Dabei kam es zu einem ersten Zerwürfnis, weil Leo die glühende Leidenschaft seiner Schwester für die Kubisten nicht teilen konnte. Zusätzlich gingen ihm die aus seiner Sicht minderwertige schriftstellerische Tätigkeit von Gertrude sowie die Anwesenheit von Alice B. Toklas, die 1909 in die Wohnung eingezogen war, auf die Nerven. 1913 kam es zur Eskalation: Leo verabschiedete sich Richtung Florenz, die Geschwister schlossen zeitlebens nicht mehr Frieden miteinander. Das „erste Museum der modernen Kunst“, wie die „New York Times“ die von Ernest Hemingway als „beste Bildergalerie Europas“ bezeichnete Stein-Sammlung mal genannt hatte, wurde aufgeteilt.

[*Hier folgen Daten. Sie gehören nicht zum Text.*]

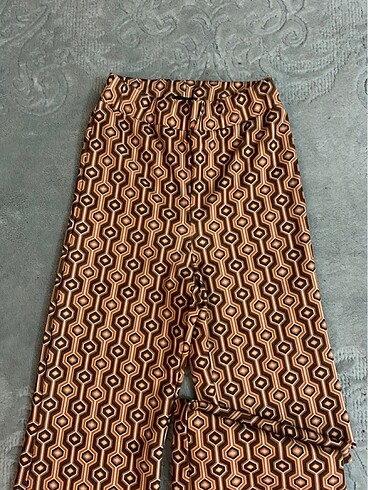 LC Waikiki Pantolon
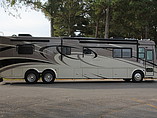 07 Tiffin Allegro Bus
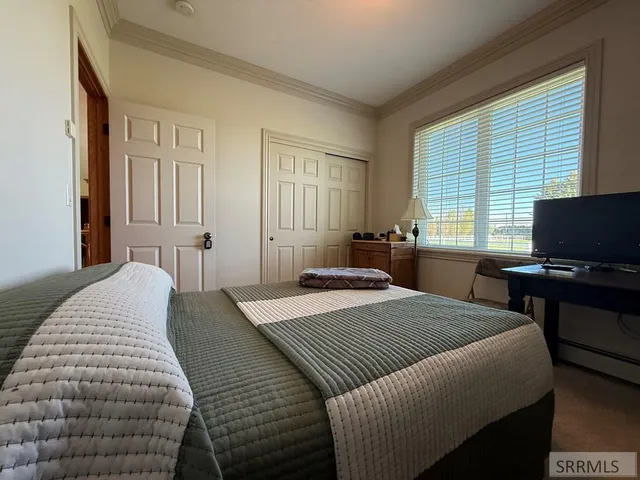 $1,396,000 | 709 East 800 North, Firth, ID 83236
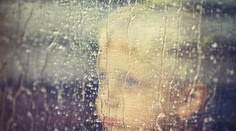 Bývalý aktivista z Ligy otcov: Ak by bol poškodeným otec, o prípade Marco by sa toľko nehovorilo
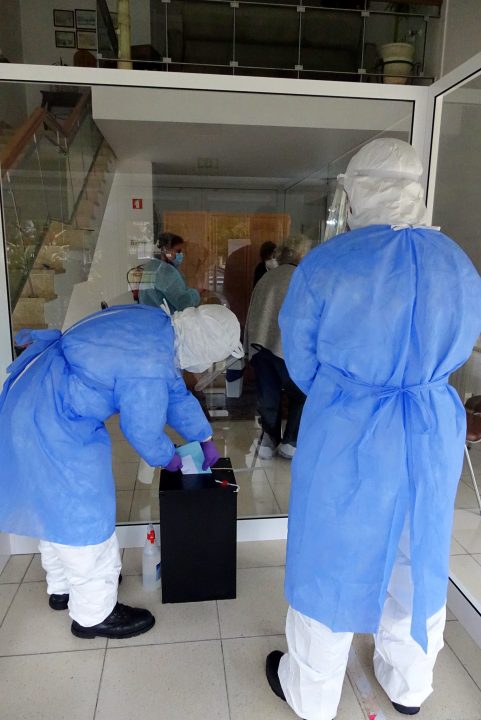 batch_DSC03378 (Custom)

Fortan waren Gertrude und Alice die Gastgeber der Salons, wobei Picasso aufstieg zum Freund der Hausherrin,
die vom angehenden Malerfürsten 1905/1906 porträtiert wurde und selbst über 30 Jahre lang literarische Lobeshymnen auf den Spanier verfasste. Spätere Stilrichtungen der Kunst nach der Klassischen Moderne wie Surrealismus oder Futurismus stießen bei Gertrude Stein, die den Begriff der „Lost Generation“ für ihre schriftstellerischen Landsleute geprägt hatte, die nach der Kriegsteilnahme in Paris gelandet waren, nicht auf Interesse.
Todesursache war ein Magenkrebs
Heutige Versuche, sie als frühe Feministin zu vereinnahmen, sind abwegig, da sie keinerlei diesbezügliche Aktivitäten unternommen hat. Nach Ausbruch des Zweiten Weltkrieges wurde es für das lesbische Paar ziemlich heikel, zumal beide Beteiligten einen jüdischen Familienhintergrund hatten. Doch dank guter Beziehungen zu einem hochrangigen Beamten namens Bernard Fay, der seinerseits über gute Kontakte zum Vichy-Regime und zur Pariser Gestapo verfügte, blieben sie in ihren Domizilen in Südfrankreich – zunächst in Billignin, ab 1943 in Culoz – von Verfolgungen unbehelligt. Auf Fays Intervention hin wurde sogar die Plünderung der Kunstschätze in Steins Pariser Wohnung in der Rue Christine, die sie schon vor Kriegsbeginn bezogen hatte, verhindert.
Im Dezember 1944 kehrte das Paar nach Paris zurück. Ihr Zuhause wurde bald schon ein beliebtes Ausflugsziel für US-GIs, auf deren europäischer Sightseeing-Tour ein Besuch bei der legendären Gertrude Stein möglichst nicht fehlen durfte. Am 27. Juli 1946 verstarb Gertrude Stein im Alter von 72 Jahren in einem Krankenhaus in Neuilly-sur-Seine an Magenkrebs. Ihre letzte Ruhestätte fand sie auf dem Friedhof Père Lachaise.